As I heard this story my heart broke for the girl because of the turmoil and fear she must feel on the inside as someone who most likely knows what the Bible says about homosexuality. And then my thoughts turned to her father and mother who must also be feeling the same feelings for different reasons.
I imagined myself in their position and what I would do if my child who I loved and raised and taught the Bible came home and told me similar news.
I thought about this for a while, and then I imagined Jesus saying this to me.
“Do you deserve a home? Did you deserve a home all those times you sinned and I poured down grace upon you? Do you deserve a home now as you continue to struggle with those inner battles and I continue to pour down my grace upon you? Are you worthy of a home? To me you are. That’s why I came and died for you. To give you a home.”

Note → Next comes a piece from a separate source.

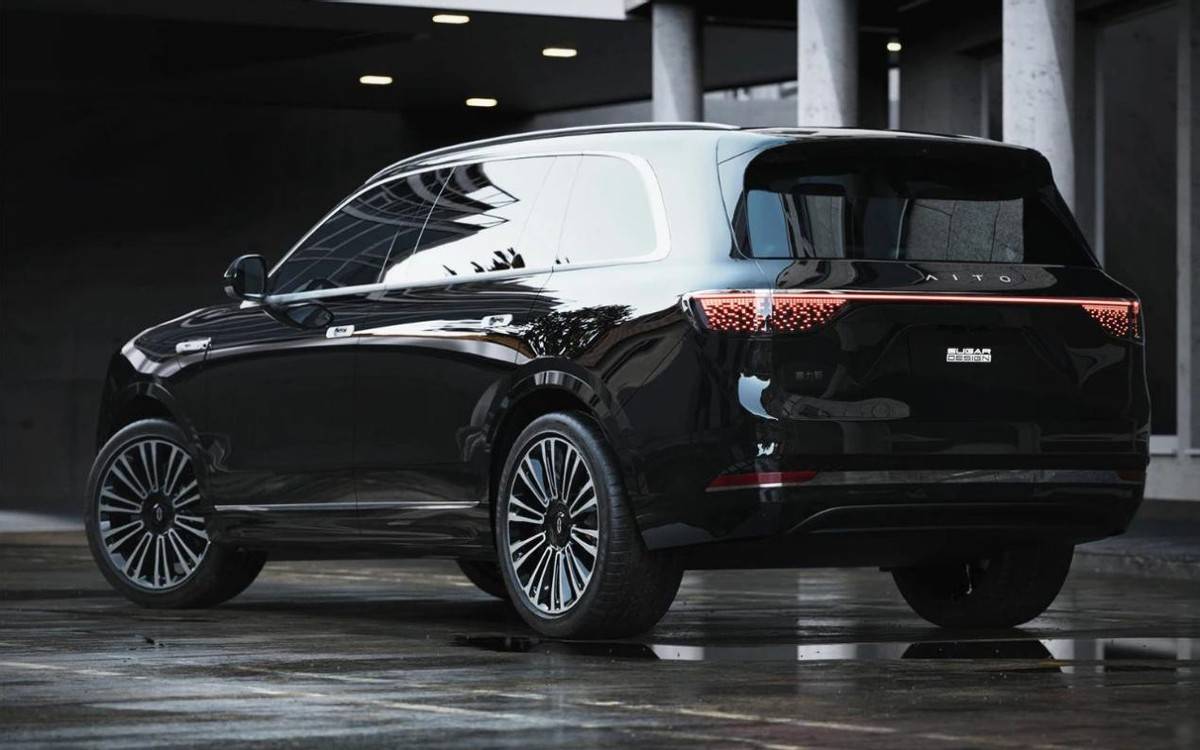 2025款问界M9/问界M8开启预售 预售价分别为47.8万/36.8万起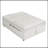 4-in-1 Sofa Bed, Chair Bed, Multi-Function Folding Ottoman Bed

In this scenario, kicking a child out of the house communicates that she is no longer deserving of a home. Her sin is too great. She is too disgraceful. She is no longer welcome. It is not as if the rest of the family is in danger or her parents are trying to break a cycle of enabling of a life-threatening behavior.
If this is the case, I should have been homeless a long, long time ago.
As Christians, we must respond to each other – especially our family members and children – in Spirit-led mercy. We all sin and we all fall short of God’s standard (Romans 3:23). To take this away from a person is trying to play God to them and nullify the Cross in their life – the life Christ died for.
I am not a parent. I am not facing this issue in my life right now. However, I pray in humility that if God blesses us with a child, I will walk in Spirit-led mercy as I raise her, discipline her, and teach her. And if God does not bless us with a child, then I pray that I will continually be humbled through the experiences around me, that I, too, every day, deserve to be homeless.
The Cross of Jesus is the only thing that makes me worthy of a home.